# Tell every women or man about this cell phone feature



## panini (Jul 28, 2001)

Just in case some of ya were not aware

MUST KNOW *677

I knew about the red light on cars, but not the *677. It was about 1:00 p.m. in the afternoon, and Lauren was driving to visit a friend. An UNMARKED police car pulled up behind her and put his lights on. *Lauren's parents have always told them never to pull over for an unmarked car on the side of the road, but rather to wait until they get to a gas station, etc *

Lauren had actually listened to her parents advice, and promptly called 677 on her cell phone to tell the police dispatcher that she would not pull over right away. She proceeded to tell the dispatcher that there was an unmarked police car with a flashing red light on his rooftop behind her. The dispatcher checked to see if there were police cars where she and there weren't, and he told her to keep driving, remain calm and that he had back up already on the way.

Ten minutes later 4 cop cars surrounded her and the unmarked car behind her.

One policeman went to her side and the others surrounded the car behind. They pulled the guy from the car and tackled him to the ground. The man was a convicted rapist and wanted for other crimes.

I never knew about the*677 Cell Phone Feature, but especially for a woman alone in a car, you should not pull over for an unmarked car. Apparently police have to respect your right to keep going to a safe&quiet place. You obviously need to make some signals that you acknowledge them (i.e. put on your hazard lights) or call *677 like Lauren did.

Too bad the cell phone companies don't generally give you this little bit of wonderful information.

*Speaking to a service representative at **Bell** Mobility confirmed that *677 was a direct link to State Police Dispatch. So, now it's your turn to let your friends know about *677.

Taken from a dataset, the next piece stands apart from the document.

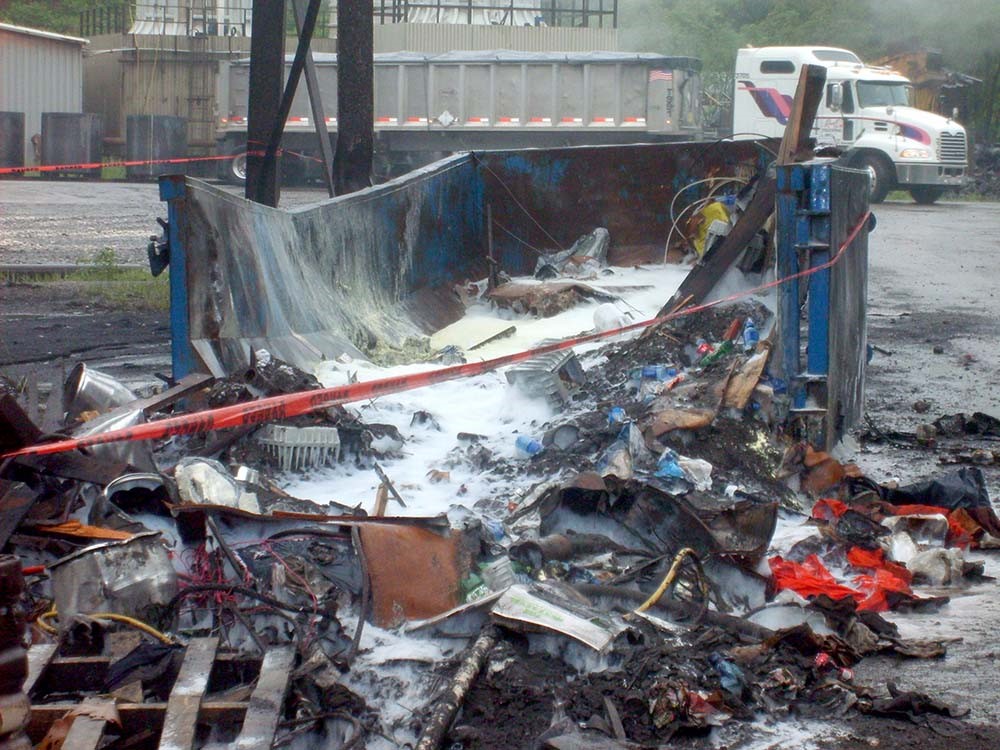 В 2010 году на "Фельмане" произошел пожар в мусорном контейнере с опасными химикатами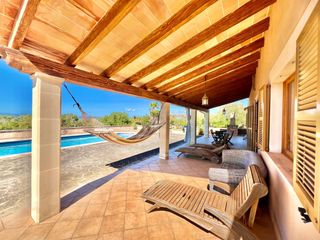 Lloguer Masia a Zona Rústica - Interior. Finca en alquiler de larga duración con piscina y garaje en ento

Send this to every person you know; it may save a life.


----------



## chrose (Nov 20, 2000)

http://urbanlegends.about.com/librar...lphone_677.htm


----------



## phatch (Mar 29, 2002)

Yep. Few states have that and those that do don't have consistent numbers from state to state.

Phil


----------



## kuan (Jun 11, 2001)

Just call 911.


----------



## panini (Jul 28, 2001)

The urban legend is now an urban legend. It appears that this number IS being adopted by states with the recent increase in this type of crime.
Using the 911 from a cell can sometimes cause problems. It may not arrive to the closest source of help.
Thought I don't know for sure. A very good source said this was adopted by the Texas State Troopers because their jusisdiction covers major in-city toll roads and persons aren't sure who is stopping them because the City Police don't run the toll roads.
I haven't had the chance to check it out locally here. I'm trying to figure how?
__________________________________________________ ___________
I just checked the State website and couldn't find anything.


----------



## chrose (Nov 20, 2000)

Simple, put on some fake lights and try pulling over a young woman, I'm sure you'll find out how


----------



## jock (Dec 4, 2001)

In California all 911 calls from cell phones go to the CHP dispatcher who is not in a position to offer much direct help. All they can do is connect you to the local 911 dispatcher. 

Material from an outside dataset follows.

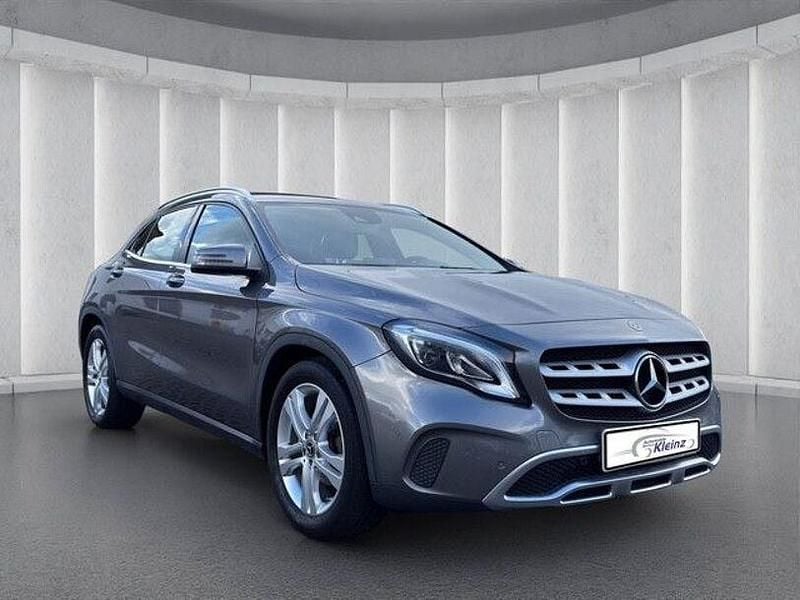 Gebraucht Mercedes GLA200 156 PS (114 kW) 2018 Grau SUV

I witnessed an accident once that needed police and ambulance. I called 911 on my cell and it was over 9 minutes before the call was answered. The CHP put me on hold for another minute before I was connected to the local 911 dispatcher who then transferred me to the paramedics. All in all it took more than 12 minutes to actually get an ambulance rolling. Just as well the injury was not life threatening.

I don't know if the *611 works in California but I'll check it out. Thank you Pan.

Jock


----------